I have a weird relationship with Zack Snyder. Typically, if I don’t like a director, it’s because I’ve seen several of their movies and decided, for whatever reason, that their movies aren’t for me. Sometimes it’s because of the way they direct, like, say, Michael Bay, and sometimes it’s because they consistently pick stories that don’t work out for me. Like that one dude, who made that one movie whose name I won’t say any more.
Zack Snyder is the only director I can think of who I am, effectively, boycotting. I haven’t disliked his movies so much as judged them illegitimate from the start. I have had a chip on my shoulder about DC’s film output for, oh, nearly my entire life; look at the reviews that will no doubt crop up in links below for additional details if you like.
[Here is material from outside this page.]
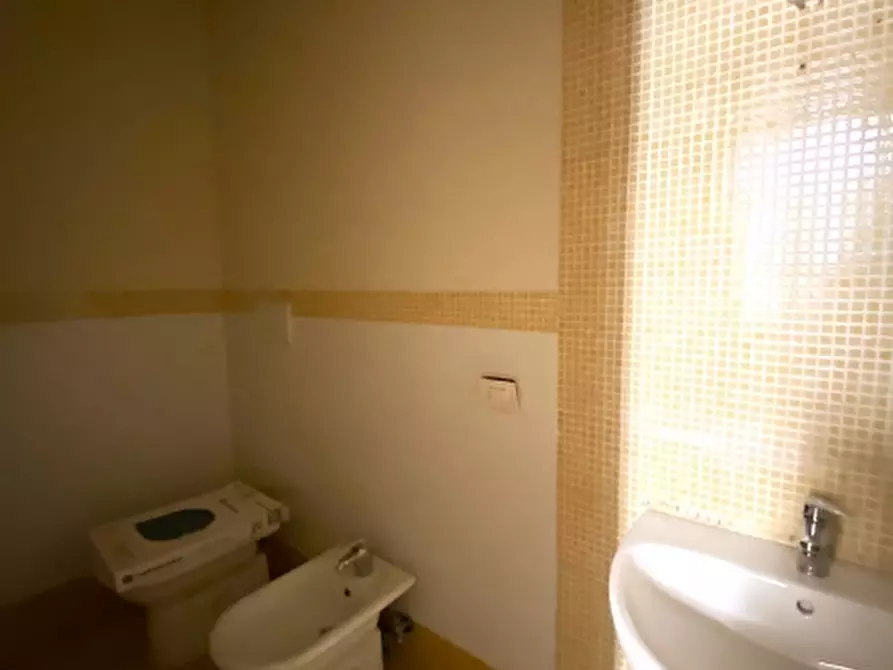 Immagine 13 di Appartamento in vendita  in Corso Roma 53 a Montecatini Terme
If you’ve been around here for any length of time, you already know the gist; this man does not understand or care about the superheroes he makes movies about in any way and I refuse to spend money to find out I was right about something sucking.
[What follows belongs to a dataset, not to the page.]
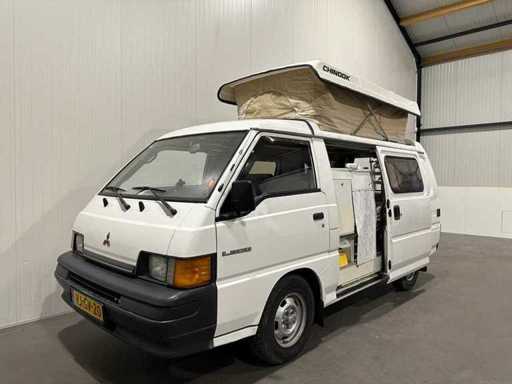 Mitsubishi L300 2.0 PANOUL CU RULOTA LUNGĂ PE BENZINĂ VJ-GV-20 DE 94.000 KM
That said: while I haven’t rewatched it in probably fifteen years, I enjoyed his remake of Dawn of the Dead, from way back in 2004 or so, which was before I knew who Zack Snyder even was, and my wife really wanted to watch Army of the Dead, and even a shitty zombie movie is still a zombie movie, and if you’d shown me the trailer without the words “Zack Snyder” appearing on them I’d have shrugged and handed over my no money, because this was showing up on Netflix and I pay for Netflix (actually, my wife does, so this isn’t even my no money) anyway.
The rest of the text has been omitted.